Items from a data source
+-------+

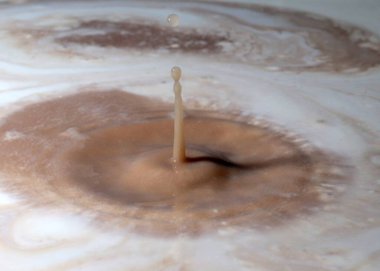 Kirlenmiş su çözeltisinin yüzeyine bir damla kimyasal sıvı düşer.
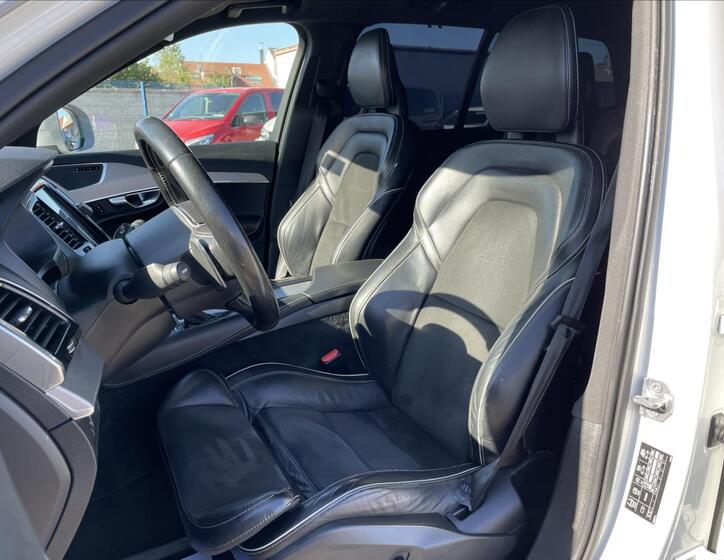 Volvo XC90 25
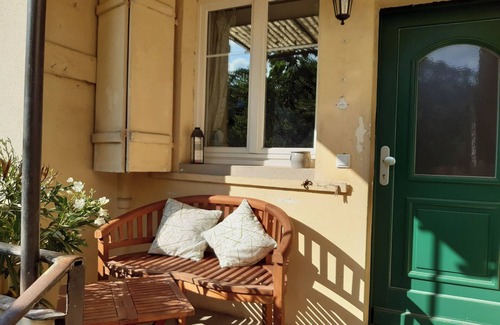 Wahlwies Apartment | Holiday Apartment 'Omas Obstkiste' with Wi-Fi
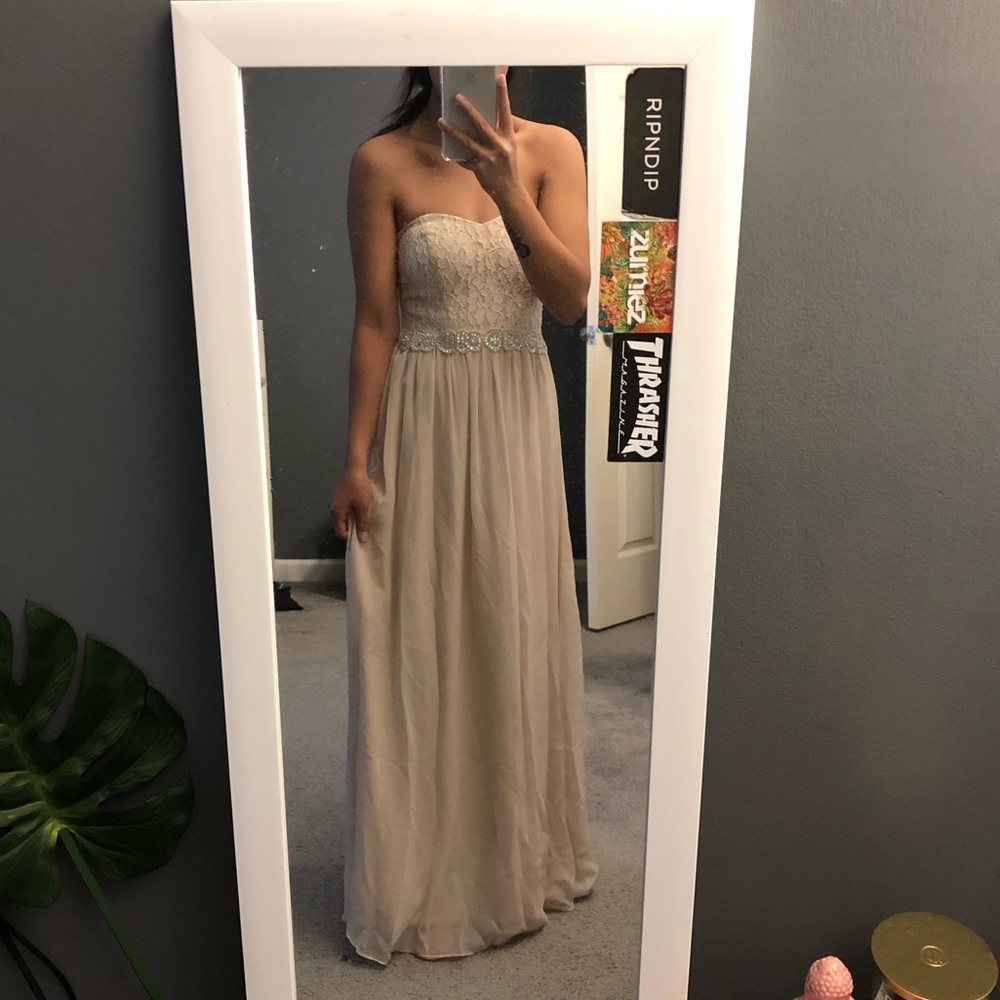 Prom dress fits like a 0-1
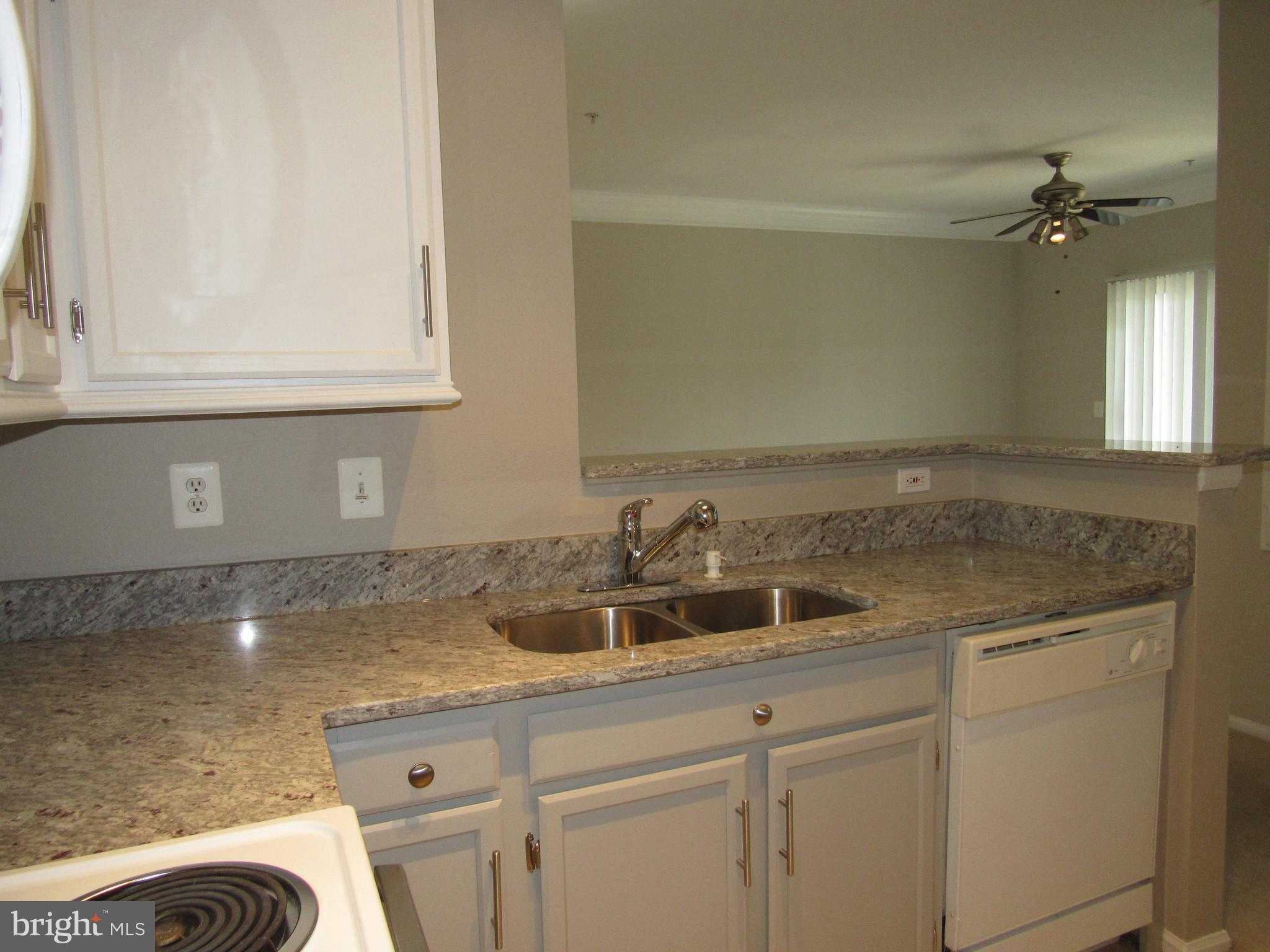 GATES OF MCLEAN - Residential Lease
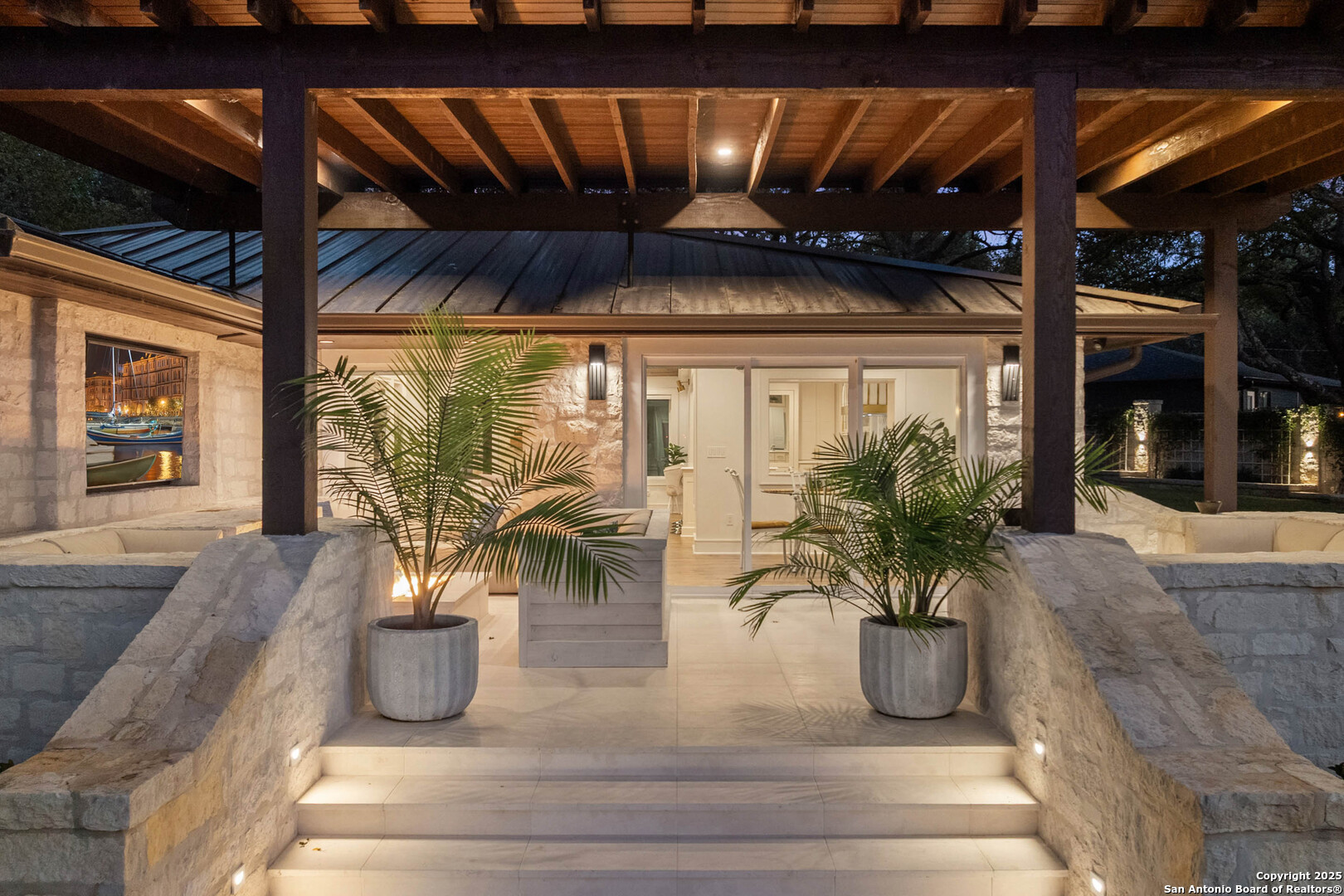 1310 Oak Springs Road Kingsland, TX 78639 - Photo 3 of 49 a view of balcony and potted plants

+-------+

## WORK ITEM
For each record above, write out its text exactly and skip any picture.

## RESPONSE AREA
 Kirlenmiş su çözeltisinin yüzeyine bir damla kimyasal sıvı düşer.
 Volvo XC90 25
 Wahlwies Apartment | Holiday Apartment 'Omas Obstkiste' with Wi-Fi
 Prom dress fits like a 0-1
 GATES OF MCLEAN - Residential Lease
 1310 Oak Springs Road Kingsland, TX 78639 - Photo 3 of 49 a view of balcony and potted plants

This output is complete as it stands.